In their search for business taxes, states are attempting to prove what is known as "nexus." This means declaring a specific business activity (such as having a sales office located within a state) subject to state taxes. Nexus can also be established if an out-of-state company maintains tangible personal property in that state. Owning or leasing a warehouse in the state or owning land also creates nexus. Once a state proves nexus, it can subject a company to income, sales and use, and other business taxes.
Following the example of many state governments, municipalities are also taking steps to prove nexus. As a result, more business activity is becoming subject to local sales taxes.
As a business owner, if you find your company has tax-collection liabilities in a large number of states and localities, it's a good idea to determine exactly what activity is causing that liability, says John Logan, senior state tax analyst with CCH Inc., a provider of tax and business law information in Riverwoods, Illinois. After consulting with your tax advisor, you may find it advantageous from a tax standpoint to move a part of your business into a state with a lower tax rate.
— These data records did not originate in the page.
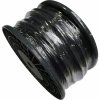 Silový kábel okrúhly CYKY-O 3x1,5 mm, čierna (cievka) - metráž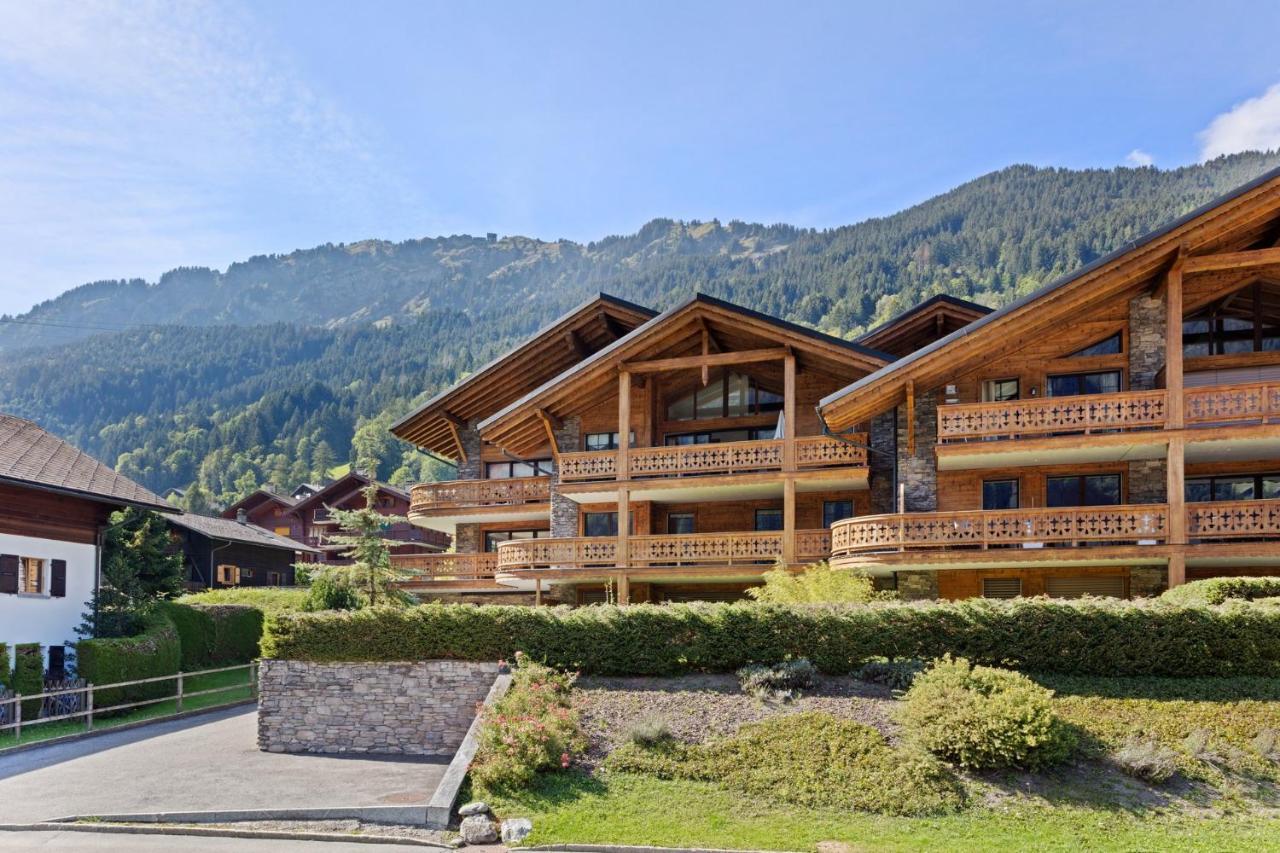 Chalet Soleil By Mrs Miggins Champéry Exterior foto
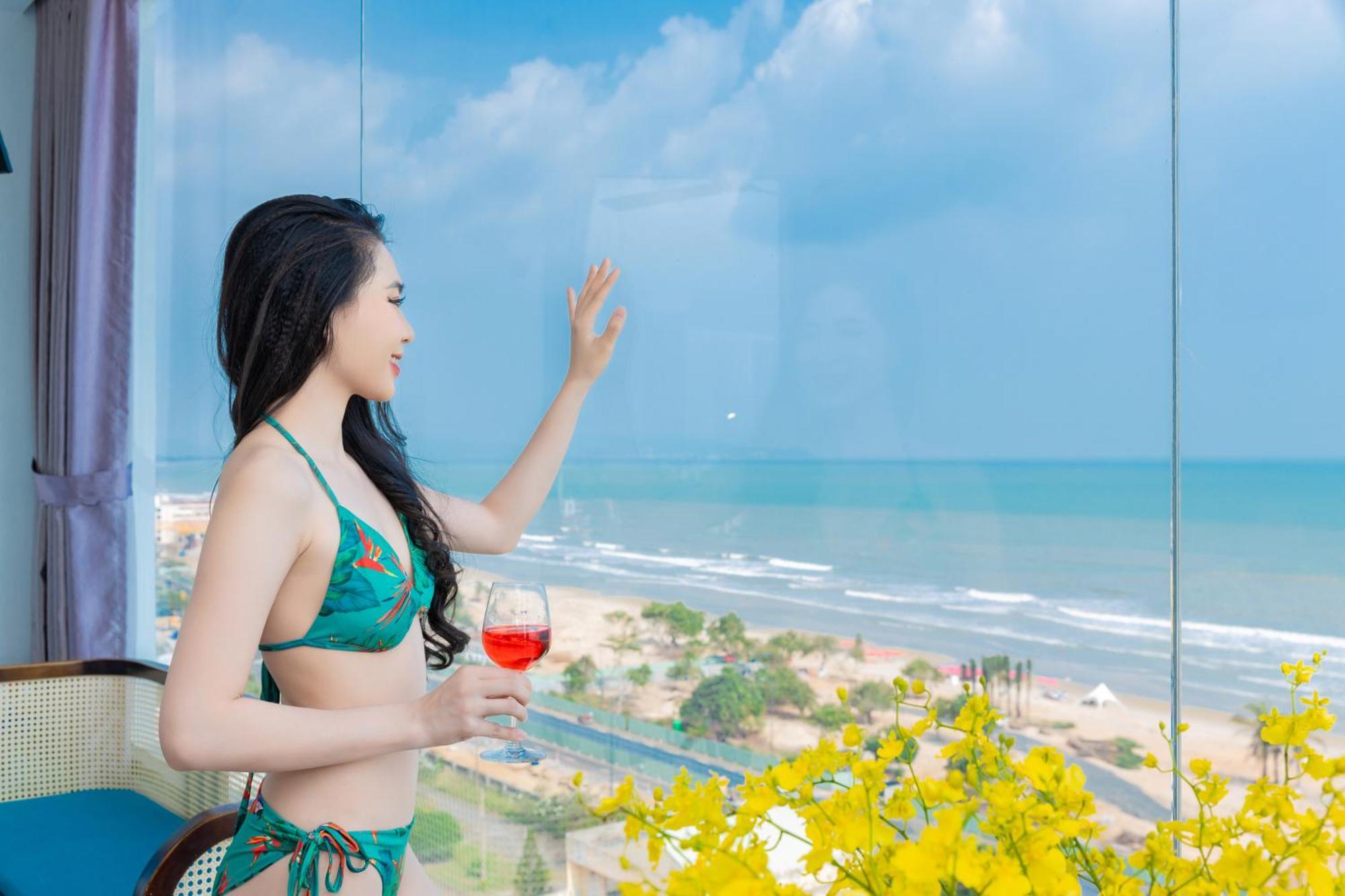 Annata Beach Hotel Вунгтау Экстерьер фото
In determining where you have a taxable presence, be sure to take both income, and sales and use taxes into consideration. Remember that when it comes to assessing income taxes on your business, your company must have some property and payroll in the state.
This type of review will help you determine in which states you have tax filing requirements and exactly what steps you need to take to be in compliance. If for some reason you have neglected to comply with the tax laws in a particular state, it's a good idea for you to try to reach an agreement with the tax collector there, says Neff.
One option is to take advantage of state amnesty programs to settle your outstanding liability. Under such programs, explains Neff, "states may be willing to reduce a company's tax bill for prior years and in some cases waive interest or penalties or both."